How to Avoid Being Killed in a War Zone: The Essential Survival Guide for Dangerous Places, by Rosie Garthwaite, Bloomsbury USA, 304 pp.

English TV journalist Rosie Garthwaite’s strangely giddy, yet gonzo survival guide, How to Avoid Being Killed in a War Zone, has washed up on the shores of the US from Qatar, where she works for Al Jazeera, a news service that broadcasts to a significant portion of the Arab world. Her 293-page book weighs in on everything related to a dangerous field deployment: ranging from how to build a wigwam in extreme weather to cheery warnings against trying to contract food poisoning when on assignment as “a good way of getting rid of that last bit of tummy.” (Really? Smart people do that?)

As a whole, this odd book cobbles together war memories and advice – the latter, often contradictory – from Garthwaite, her colleagues, and her friends who’ve
represented international news, aid, and peacekeeping organizations like the BBC, Medecins Sans Frontieres, and the UN, in locales like the Sudan, Bosnia, and Iraq. Their varying views on, say, the safety of trying to score contraceptives for affairs begun in the Middle East range from scared (“Asking advice from the wrong doctor could put you in front of a judge, facing the harsh local laws,” says Garthwaite) to sanguine (“If something does go wrong, the morning-after pill is readily available practically everywhere – even up a mountain,” chirps one former female colleague, from the Baghdad Bulletin. “You might get a few odd looks when you ask for it, but don’t let that put you off.”)

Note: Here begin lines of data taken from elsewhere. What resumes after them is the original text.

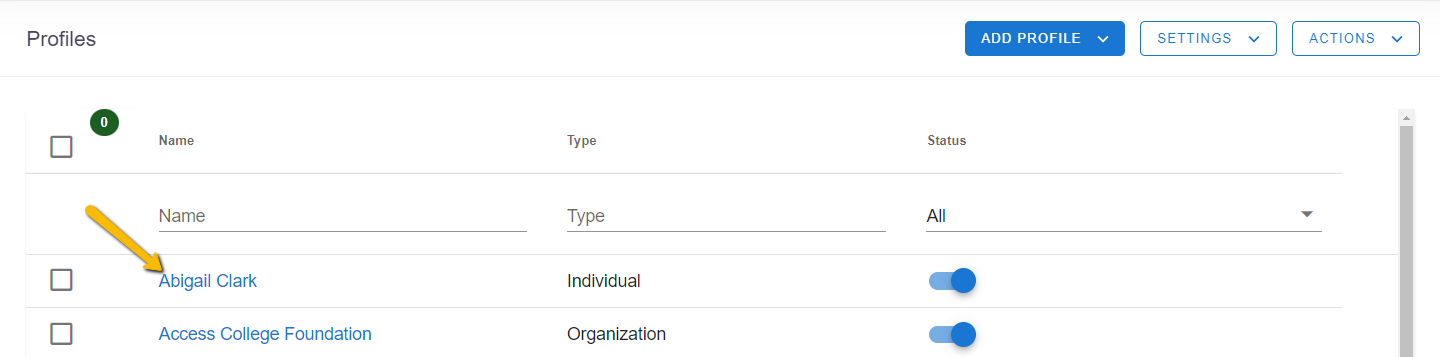 profile name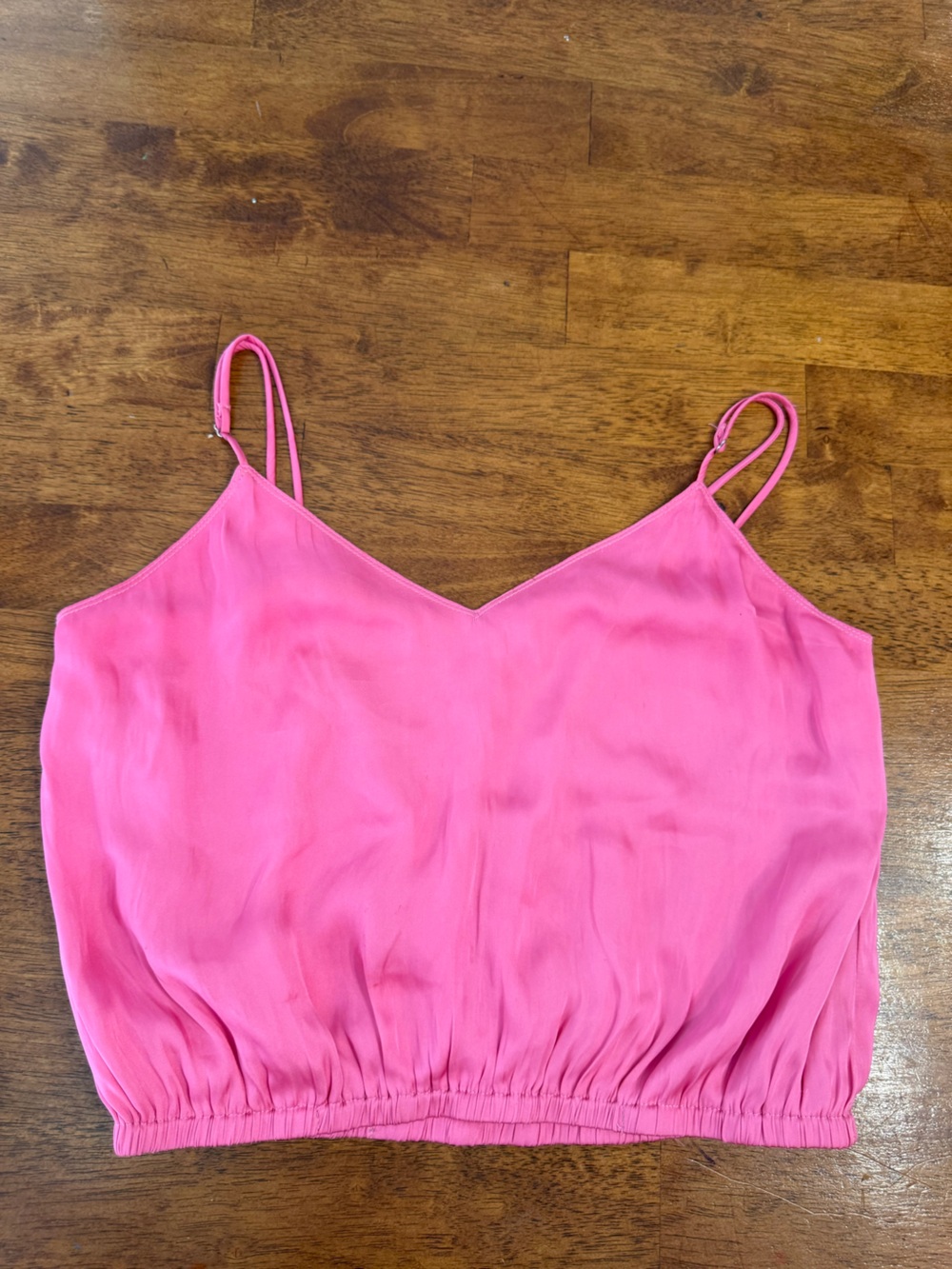 RESET by Jane Bubble Cropped Cami top bright pink Satin size small silky amore m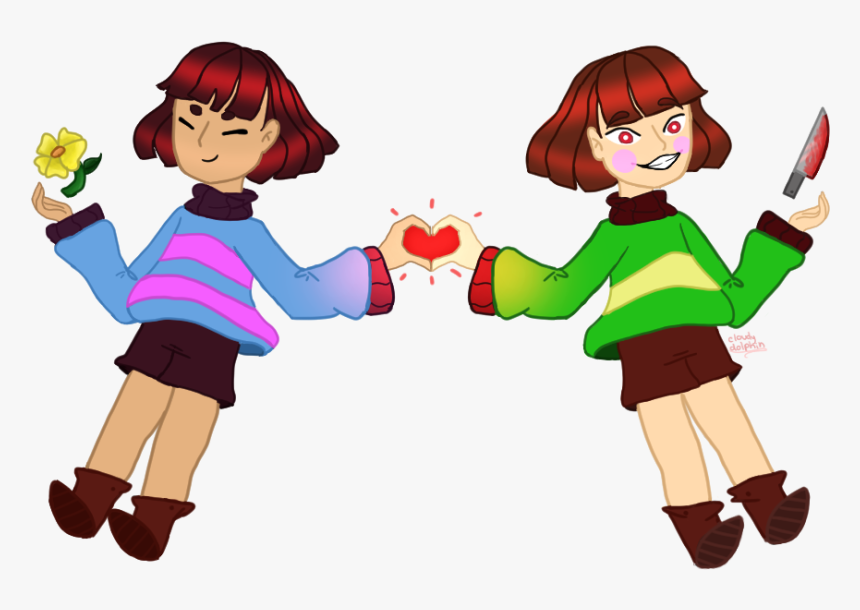 Frisk Y Chara Love Or Dead By Cloudy Dolphin - Cartoon, HD Png Download, Free Download
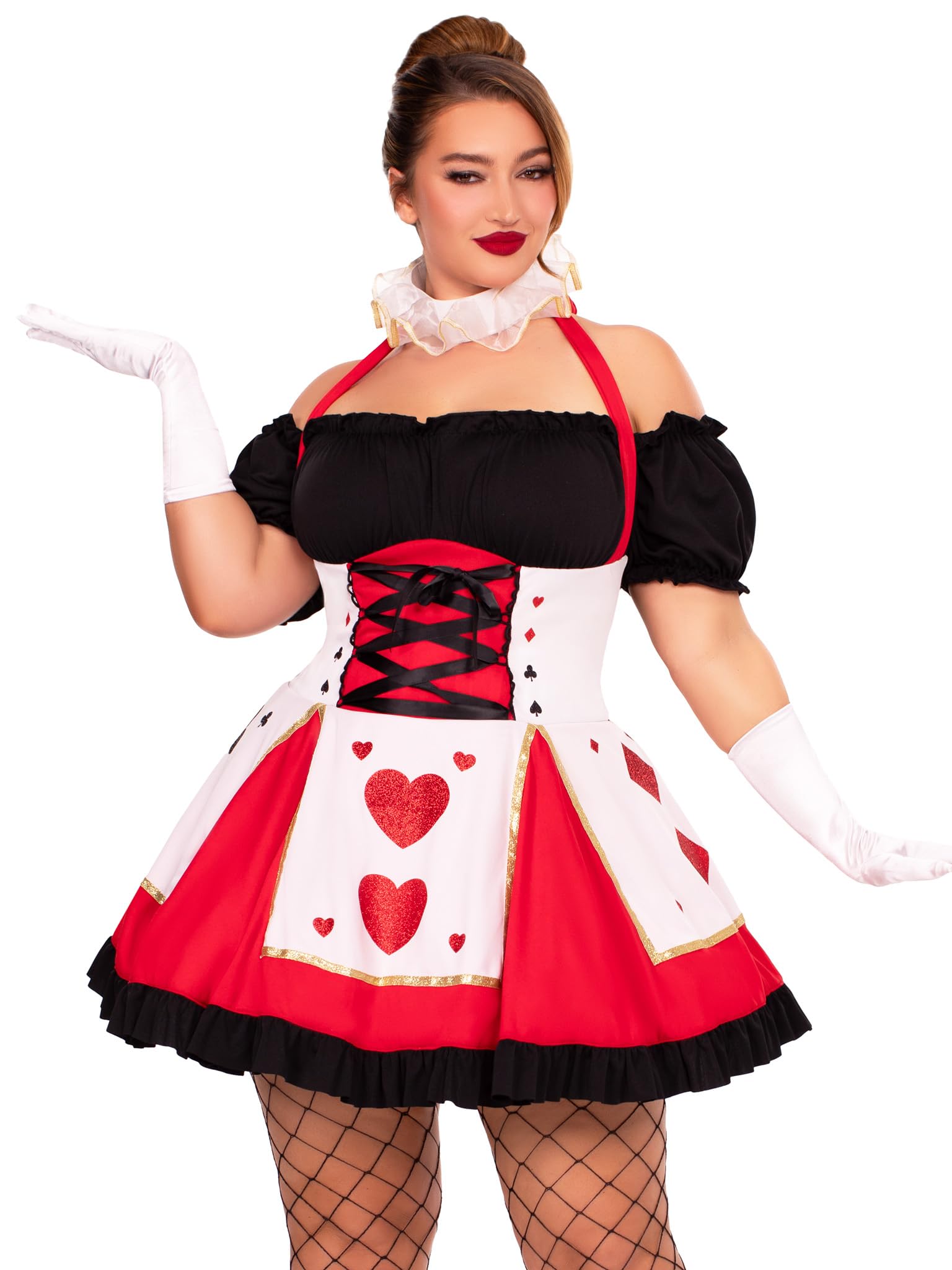 Leg AvenuePretty Playing Card Queen of Hearts Costume with Neck Piece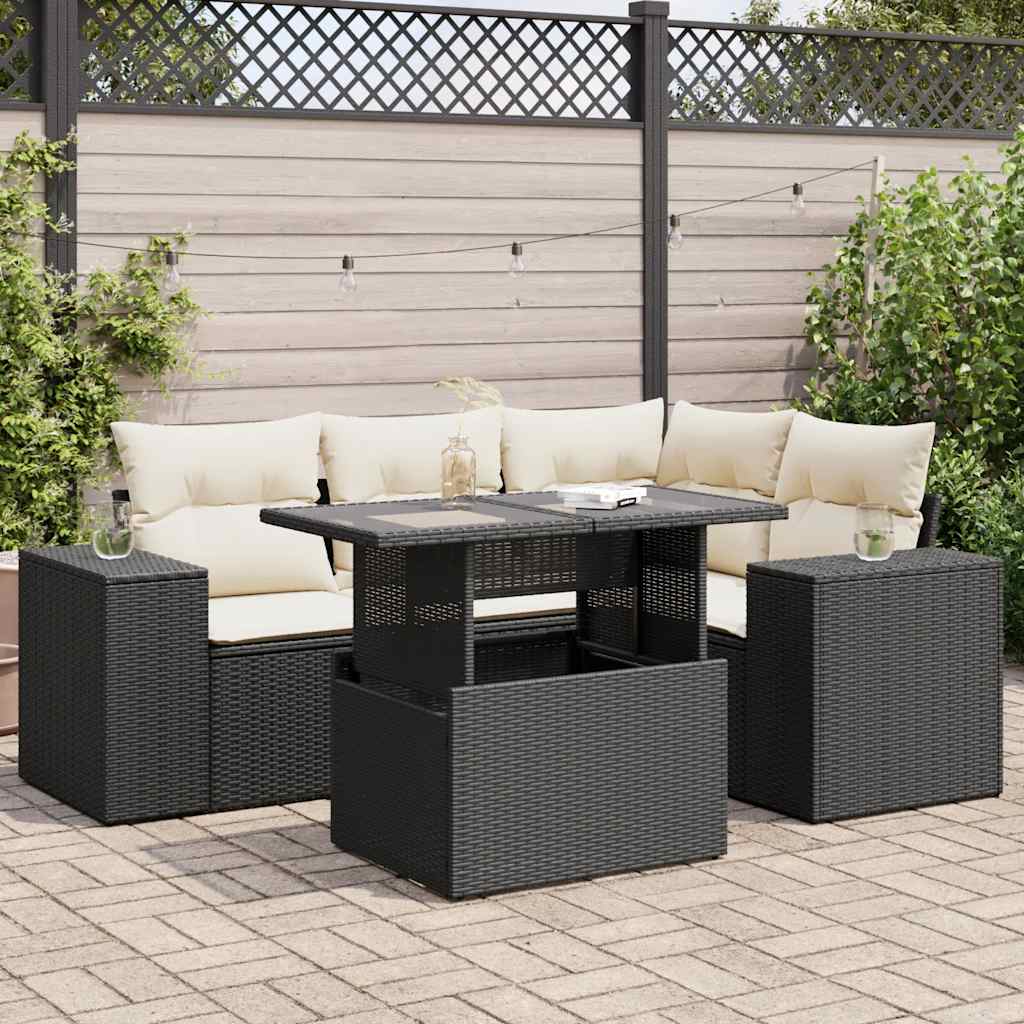 5 Piece Garden Sofa Set with Cushions Black Poly Rattan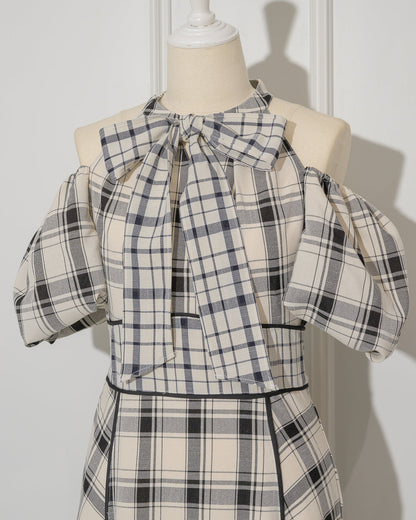 Off-shoulder Checkered Dress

Such divergent senses of reality create a schizoid effect for Garthwaite’s readers. In terms of its tone, her book chortles, chugs, chuffs, and cries, at rapidly shifting intervals. Those looking for a consistent perspective on working in a war zone will never find it. This seems to be a metaphor for the nature of combat reporting. So, whom does a book like this serve? Aid workers and reporters preparing to enter the field, and wondering how to care for injured colleagues, and themselves, can glean from it valuable first-aid and sanitation tips. In a pinch, tampons can serve as wound compresses; sand can be used to clean cooking pots and utensils.

When it comes to psychedelic raves, however, Garthwaite warns that “drug-enhanced desert discos are not a good idea, though they always seem like one at the time. The drug Ecstasy can cause dehydration.”

If you suspect that there’s something a bit off – or at least hard to fathom – about those who want to live and work in such extremis, you’d be right. (As a friend of mine from the Associated Press once drily put it: “Foreign correspondents don’t tend to lead the most stable of lives.”)

Certainly, their attraction to danger can feel non-intuitive. Take Garthwaite’s former colleague, now an NGO worker in Myanmar, who saw “the govenment
suppression of the monk-led riots of 2007, and cyclone Nargis a year later, which killed an estimated 134,000 people and devastated the most fertile parts of the country. He has chosen to remain anonymous because he wants to be as honest as possible in explaining why,” she writes, “everyone should visit the beautiful country that has become his home and, to him at least, is ‘the safest country on earth.’ ”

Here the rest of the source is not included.